Zeitzeugenbericht der Tochter des Pumpenwärters

In unserem dritten Beitrag (31.08.2020) zum digitalen Tag des offenen Denkmals berichteten wir über die Aufgaben des Pumpenwärters und erwähnten Friedrich Heim, der diese Aufgabe mehrere Jahre lang ausübte. Heute veröffentlichen wir zum Abschluss des digitalen Tags des offenen Denkmals Ausschnitte eines Zeitzeugenberichts seiner Tochter Rosa Schiller. Rosa Schiller schrieb ihre Erinnerungen für das Projekt zur Erhaltung der Wasserpumpstation im Schaichtal in einem Heft nieder.

In der Mitte des Fotos: Rosa Schiller vor der Wasserpumpstation.

„Nach den Kriegsjahren war das Wasser sehr knapp, aus dem Wasserhahn kam öfter kein Wasser, dann musste man am Rathausbrunnen mit Eimern Wasser holen, um sich zu waschen, für den Haushalt, für die Wäsche und für das Vieh (Kühe, Schweine, usw.). Manche haben auch die Kühe gleich zum Brunnen gebracht, denn das Eimerschleppen war sehr mühsam. Großwaschtag war nicht sehr oft, damals hat man auch nicht mit dem Gartenschlauch gegossen, denn da wäre was los gewesen!

Mein Vater „der Frieder“ hatte das Amt des Pumpenwärters der Gemeinde Häslach inne und musste dafür sorgen - so gut es eben ging - dass im Reservoir Wasser war. Wir wohnten oben in Häslach und hatten somit als erste kein Wasser mehr. Mein Vater ist zwei bis drei Mal pro Tag ins Schaichtal runter gelaufen, um nachzusehen, ob noch Wasser in der Brunnenstube war.

Man musste mit dem Wasser sehr sparsam umgehen, damals war es auch nicht üblich, dass jeder ein Bad hatte. Man hat sich am Spülbecken und mit der Waschschüssel gewaschen und mit dem Holzherd das Wasser heiß gemacht, oder eben kaltes Wasser benutzt.

Häslach ist gewachsen und das Wasser wurde sehr knapp. Ich weiß nicht wer auf die Idee kam im Schaichtal nach Wasser zu suchen, ich glaube es war um 1950, da kam ein Wünschelrutengänger und mein Vater war immer mit ihm dabei und hatte sich bei ihm einiges abgeguckt und es nach Anraten des besagten Herrn mit einer Haselnussrute selbst ausprobiert. Es hat funktioniert. Von manchen wurde er belächelt und manche haben damals auch gemeint, das sei „Hexenbannerei“. Auf das Anraten des Wünschelrutengängers ist etwas weiter oben, als dort wo heute das Wasserhäuschen steht, gegraben worden. Dort wo das Sträßchen aus dem Wald kommt ist noch ein Schachtdeckel zu sehen. Jedoch kam viel zu wenig Wasser.
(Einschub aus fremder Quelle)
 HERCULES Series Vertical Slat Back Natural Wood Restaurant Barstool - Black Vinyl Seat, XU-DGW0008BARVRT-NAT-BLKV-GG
Mein Vater „dr‘ Heima Frieder“ hat mit der Haselnussrute Richtung Heilbrunnen weitergesucht und etwas gefunden wo mehr dahinter sein sollte. Jetzt, was sollte man machen? Da war die Sache mit dem Heilbrunnen, der gehörte zu Schlaitdorf, aber die gefundene Quelle war viel tiefer und auf Häslacher Gemarkung, also nicht der Heilbrunnen. Schließlich stimmte der damalige Bürgermeister Hauser und der Gemeinderat zu, an der Stelle zu graben.

Über die Neckartenzlinger Firma Schwarz kamen drei Männer aus dem Rheinland und der Pfalz, um einen Brunnen zu graben. Die Männer logierten im Häslacher Ochsen, haben aber auch oft in einer Hütte im Schaichtal übernachtet. Sie hatten zwei Hütten, eine, um sich aufzuhalten mit Ofen und eine für die Gerätschaften.

Die Männer gruben jeden Tag. Sie hatten einen alten Bagger mit Kettenzug, mit dem zogen sie die Erde aus dem Brunnenschacht. Alles war sehr mühsam. Nach ein paar Metern kam Wasser. Dann wurde eine alte, dieselbetriebene Pumpe eingesetzt und das Wasser in die Schaich ausgepumpt.

Es wurden große Betonringe angeliefert und mit dem Bagger immer wieder in den ausgegrabenen Schacht hinuntergelassen. Im Winter hat es geschneit, dann war Pause, die drei Männer sind über Weihnachten nach Hause gegangen. Danach sind nur zwei wiedergekommen, aber es ging weiter.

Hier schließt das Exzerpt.